Notebooks — streaming_ingest-events-spark-iceberg¶
Auto-extracted from jupyter/notebook.ipynb and zeppelin/notebook.zpln.
Both notebooks implement identical logic in PySpark and Scala.
1. Section map¶
| Subsection | Scala (Zeppelin) | PySpark (Jupyter) |
|---|---|---|
| 2.1 Setup | ✓ | ✓ |
| 2.2 Read | ✓ | ✓ |
| 2.3 Transform | ✓ | ✓ |
| 2.4 Write | ✓ | ✓ |
| 2.5 Verify | ✓ | ✓ |
2. Walkthrough¶
2.1 Setup¶
Scala (Zeppelin):
import spark.implicits._
import org.apache.spark.sql.functions._
import org.apache.spark.sql.types._
PySpark (Jupyter):
from pyspark.sql import SparkSession
from pyspark.sql import functions as F
from pyspark.sql.types import StringType, StructType, TimestampType
spark = SparkSession.builder.remote("sc://spark-connect:15002").getOrCreate()
2.2 Read¶
Scala (Zeppelin):
val raw = spark.readStream
.format("kafka")
.option("kafka.bootstrap.servers", "redpanda:9092")
.option("subscribe", "events")
.option("startingOffsets", "earliest")
.load()
PySpark (Jupyter):
raw = (
spark.readStream
.format("kafka")
.option("kafka.bootstrap.servers", "redpanda:9092")

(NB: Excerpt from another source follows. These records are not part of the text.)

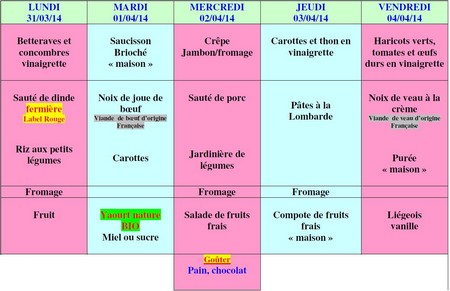 menu semaine 14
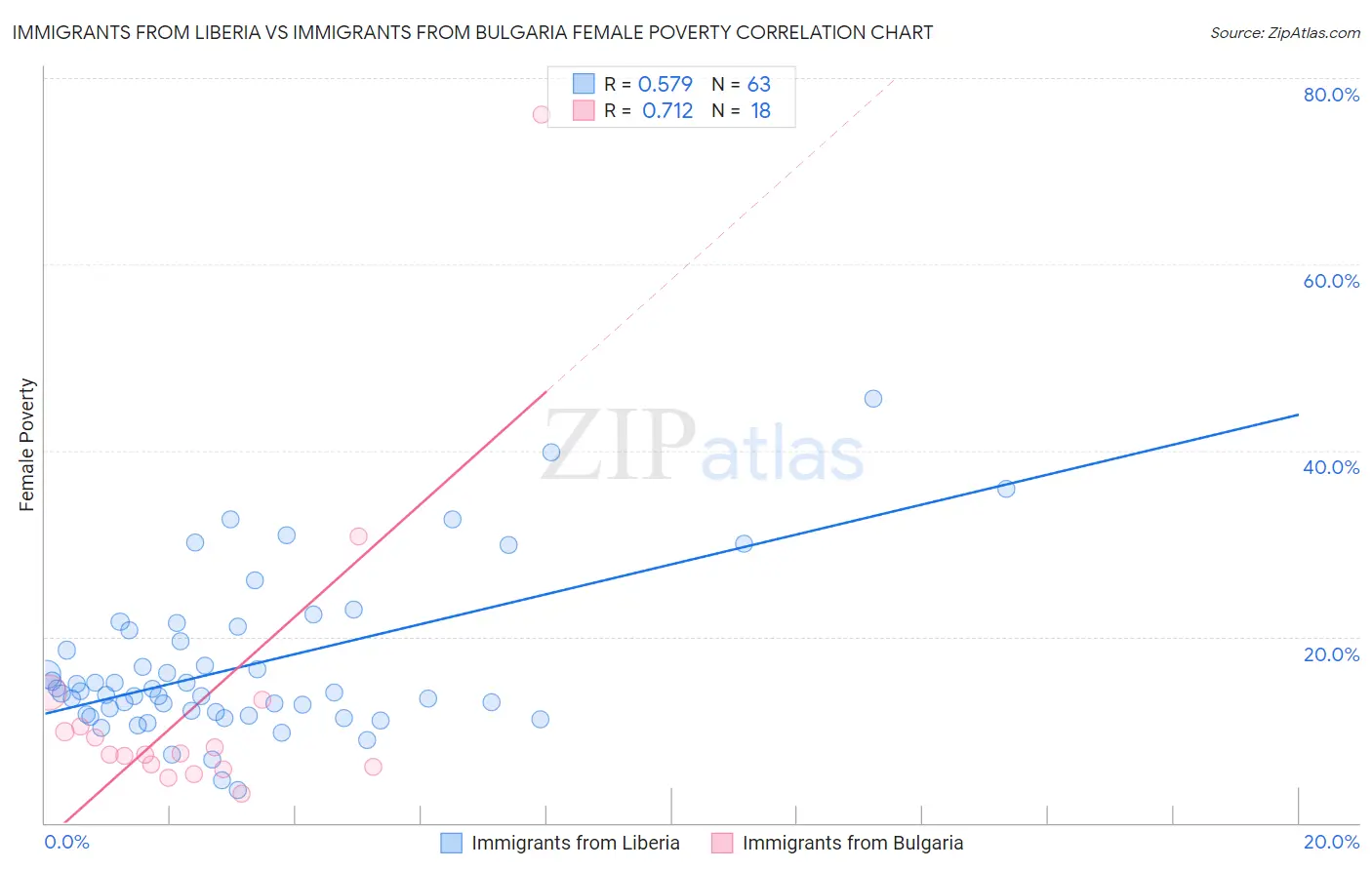 Immigrants from Liberia vs Immigrants from Bulgaria Female Poverty
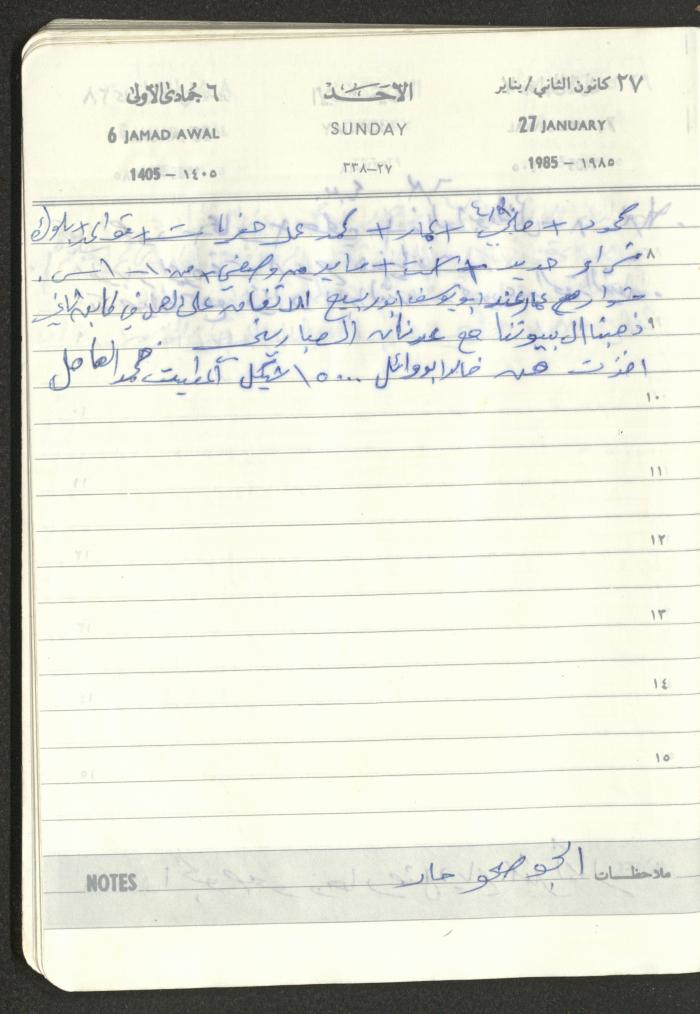 Mahmoud Khreisheh Diaries, Thinnaba- Tulkarm, 1985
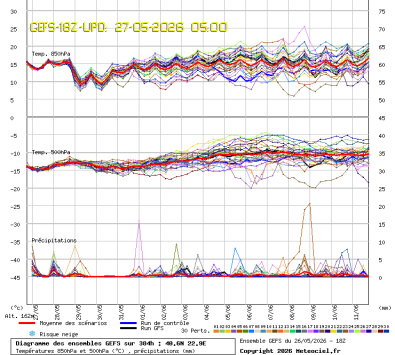 GEFS Ensembles Forecast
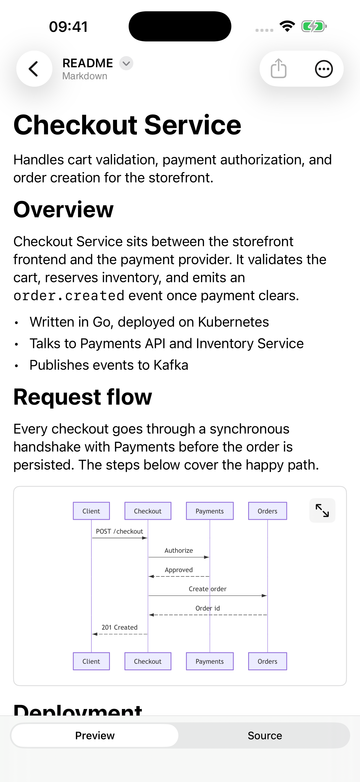 A README open in Diagrammar's Markdown mode on iPhone, with a sequence diagram drawn between paragraphs.
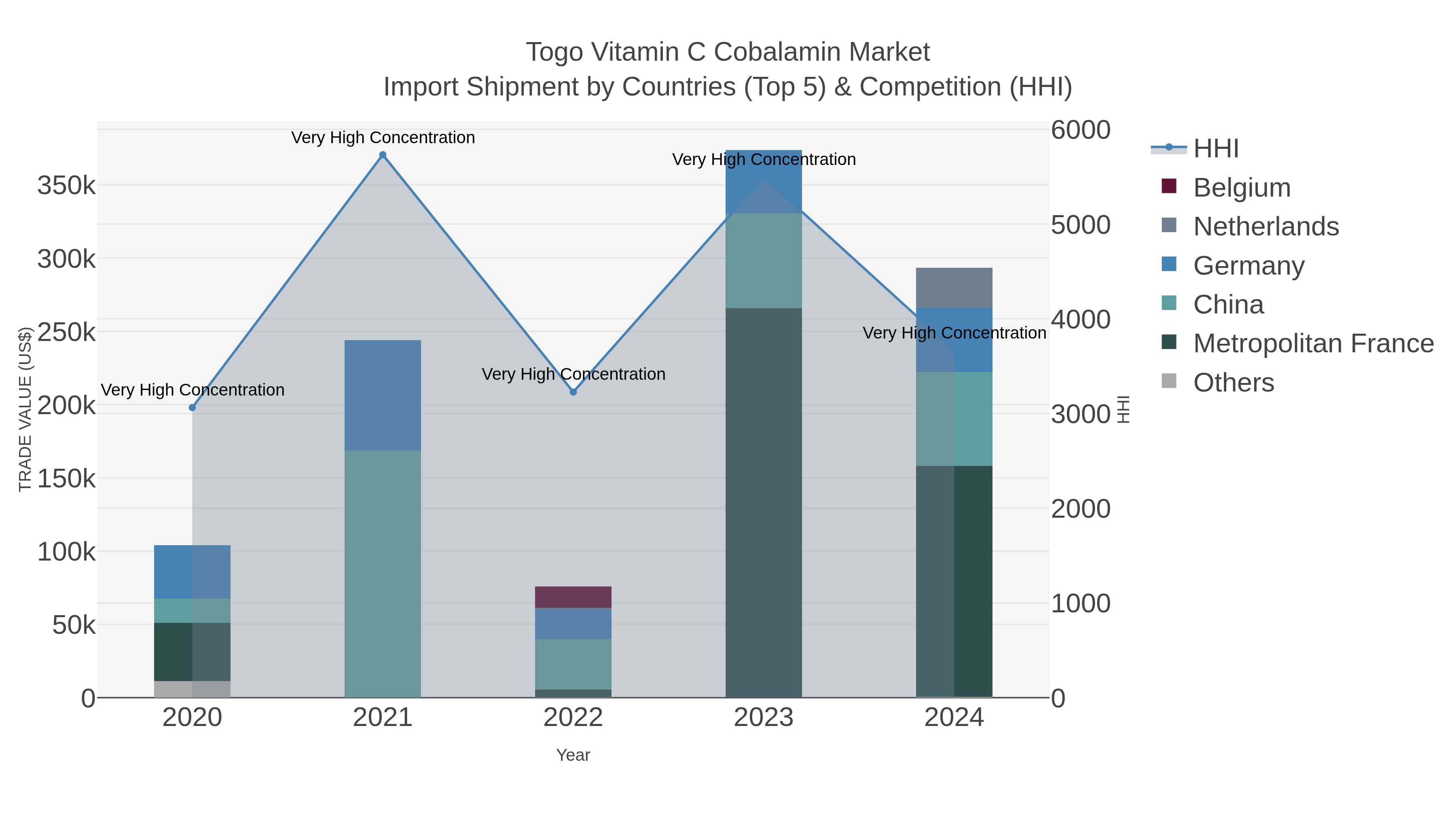 Togo Vitamin C Cobalamin Market Import Shipment by Countries (Top 5) & Competition (HHI)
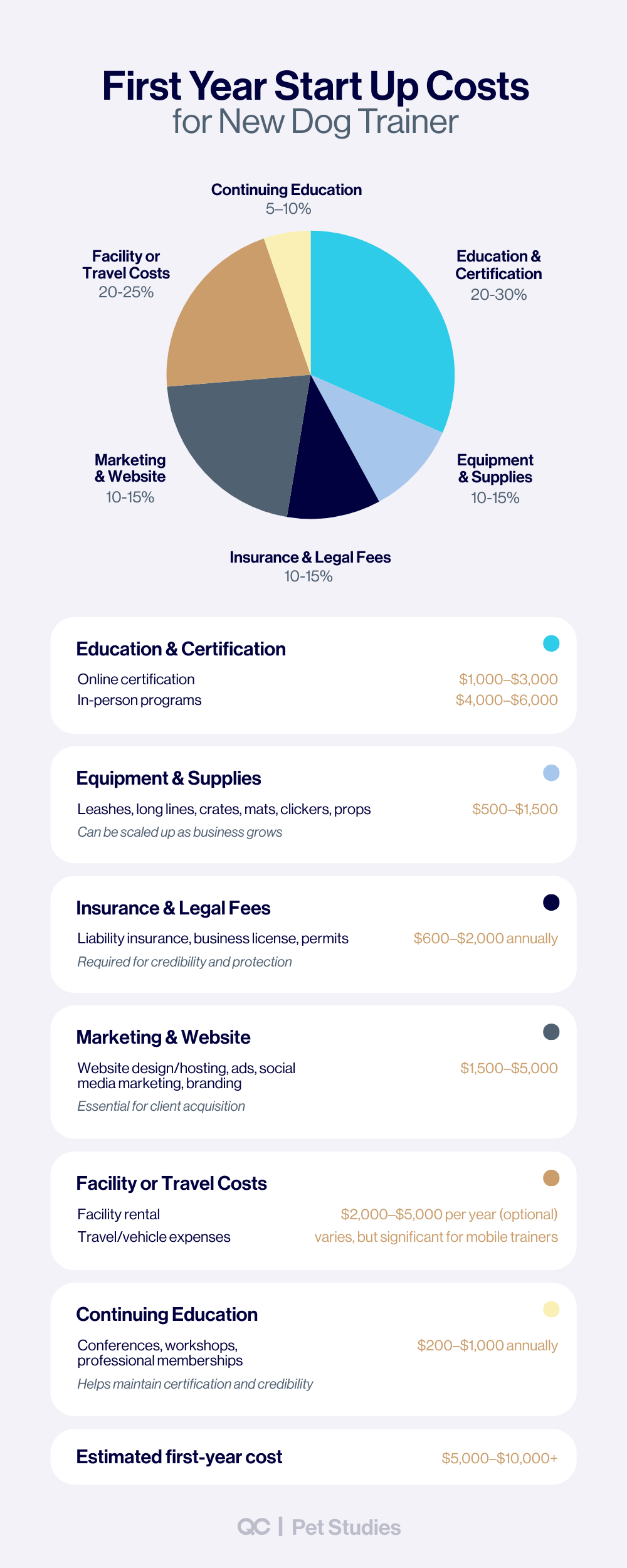 Infographic of first-year startup costs for new dog trainers, showing education, equipment, insurance, marketing, travel, and continuing education, with an estimated total of $5,000–$10,000+—important when asking how much is dog training.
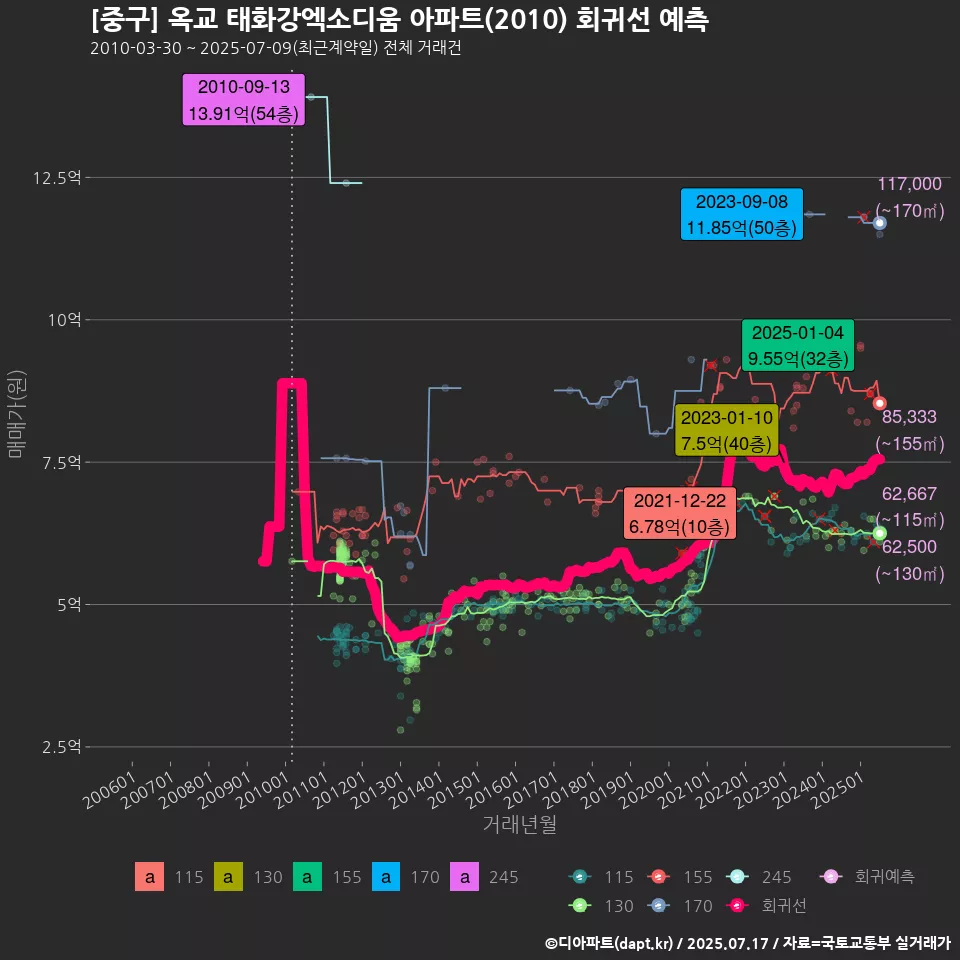[중구] 옥교 태화강엑소디움 아파트(2010) 회귀선 예측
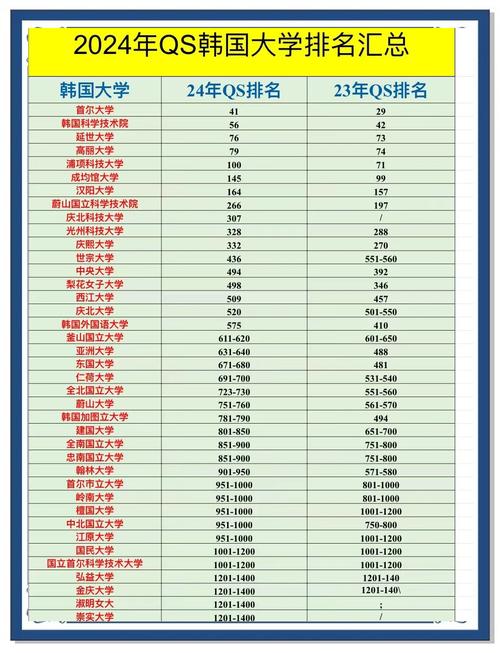 建國大學獎學金政策_韓國建國大學排名_建國大學研究生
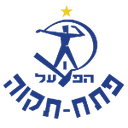 Hapoel Petah Tikva
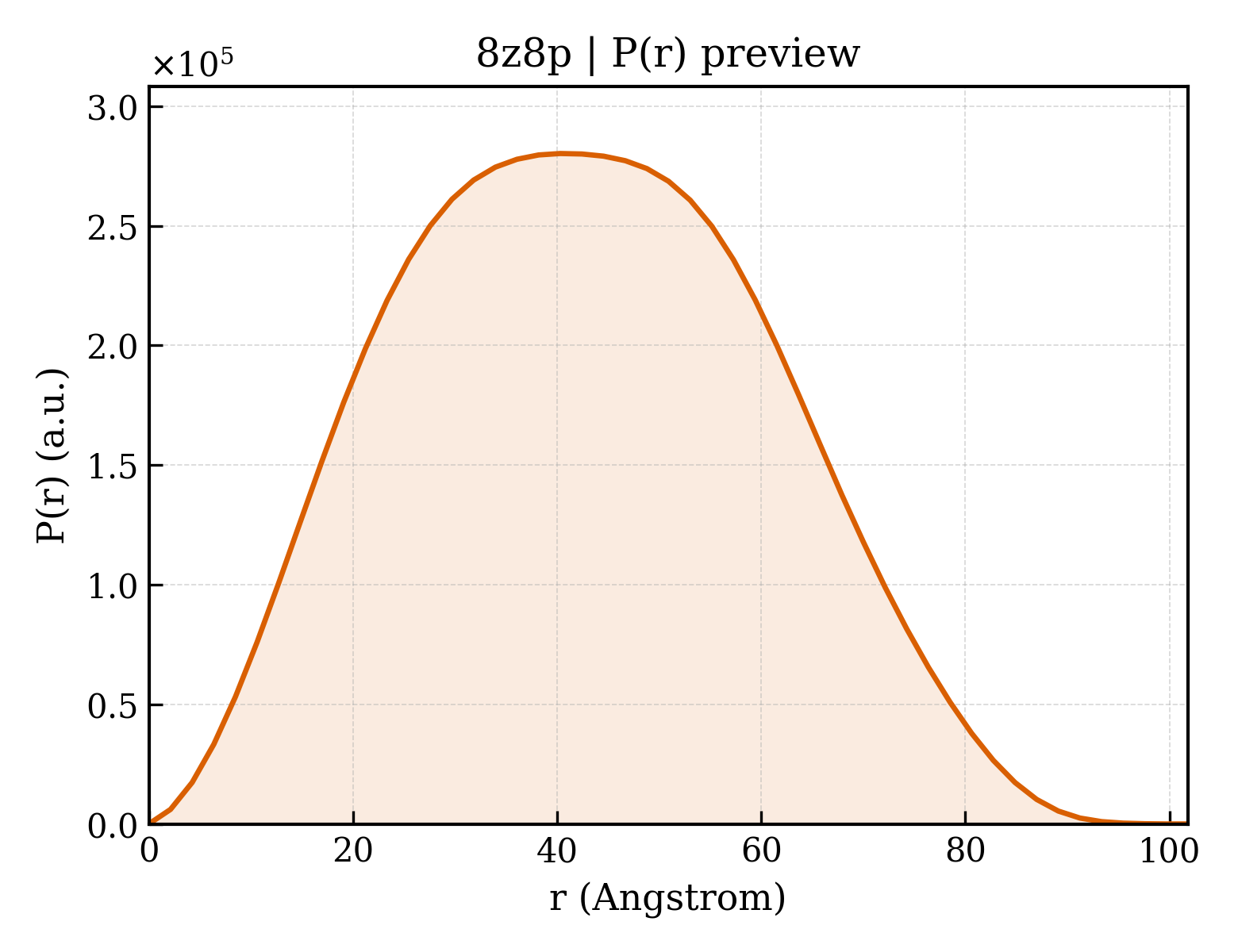 P(r) distribution for 8z8p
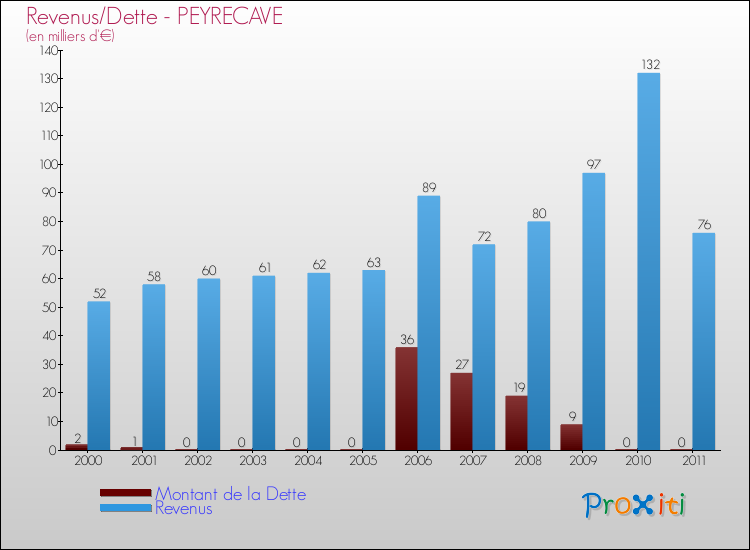 Evolution comparée de la dette et des revenus pour la commune de PEYRECAVE de 2000 à 2011 Comparaison de la dette et des revenus pour PEYRECAVE de 2000 à 2011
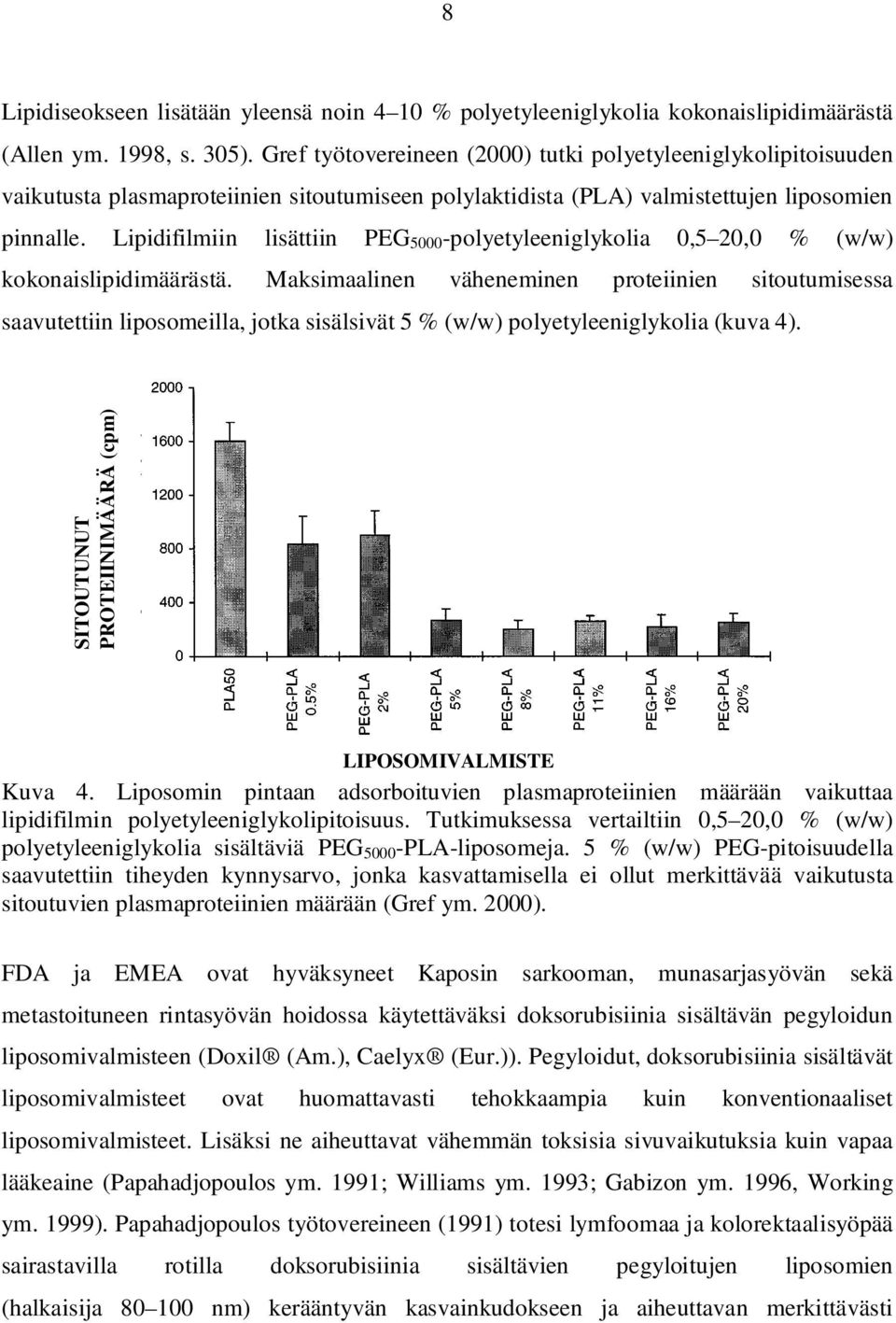 Lipidifilmiin lisättiin PEG 5000 -polyetyleeniglykolia 0,5 20,0 % (w/w) kokonaislipidimäärästä.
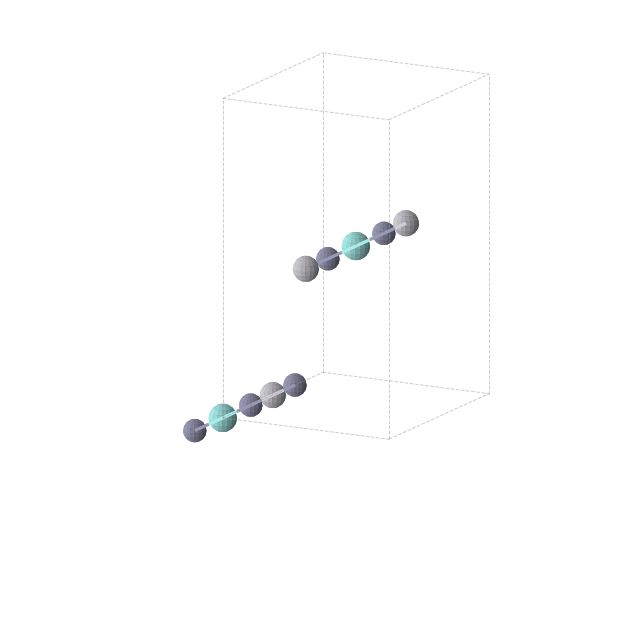 Crystal structure of Pt1Y1Zn2 (orthorhombic, Immm (No. 71))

.option("subscribe", "events")
.option("startingOffsets", "earliest")
.load()
)
2.3 Transform¶
Scala (Zeppelin):
val schema = new StructType()
.add("user_id", StringType)
.add("event", StringType)
.add("ts", TimestampType)
val events = raw
.select(from_json($"value".cast("string"), schema).as("e"))
.select("e.*")
PySpark (Jupyter):
schema = (
StructType()
.add("user_id", StringType())
.add("event", StringType())
.add("ts", TimestampType())
)
events = raw.select(
F.from_json(F.col("value").cast("string"), schema).alias("e")
).select("e.*")
2.4 Write¶
Scala (Zeppelin):
val query = events.writeStream
.format("iceberg")
.outputMode("append")
.option("checkpointLocation", "s3a://checkpoints/events")
.toTable("lakehouse.bronze.events")
// Run query.awaitTermination() to keep the stream alive for a live Redpanda topic
PySpark (Jupyter):
query = (
events.writeStream
.format("iceberg")
.outputMode("append")
.option("checkpointLocation", "s3a://checkpoints/events")
.toTable("lakehouse.bronze.events")
)
# Run query.awaitTermination() to keep the stream alive for a live Redpanda topic
2.5 Verify¶
Scala (Zeppelin):
PySpark (Jupyter):
3. Scala / PySpark parity¶
Both notebooks share the same numbered sections and produce identical Iceberg tables; only the language and interpreter differ.
4. How to run¶
Open the scenario's zeppelin/notebook.zpln on the Atlas Zeppelin UI or jupyter/notebook.ipynb on JupyterHub, then run all paragraphs/cells top to bottom.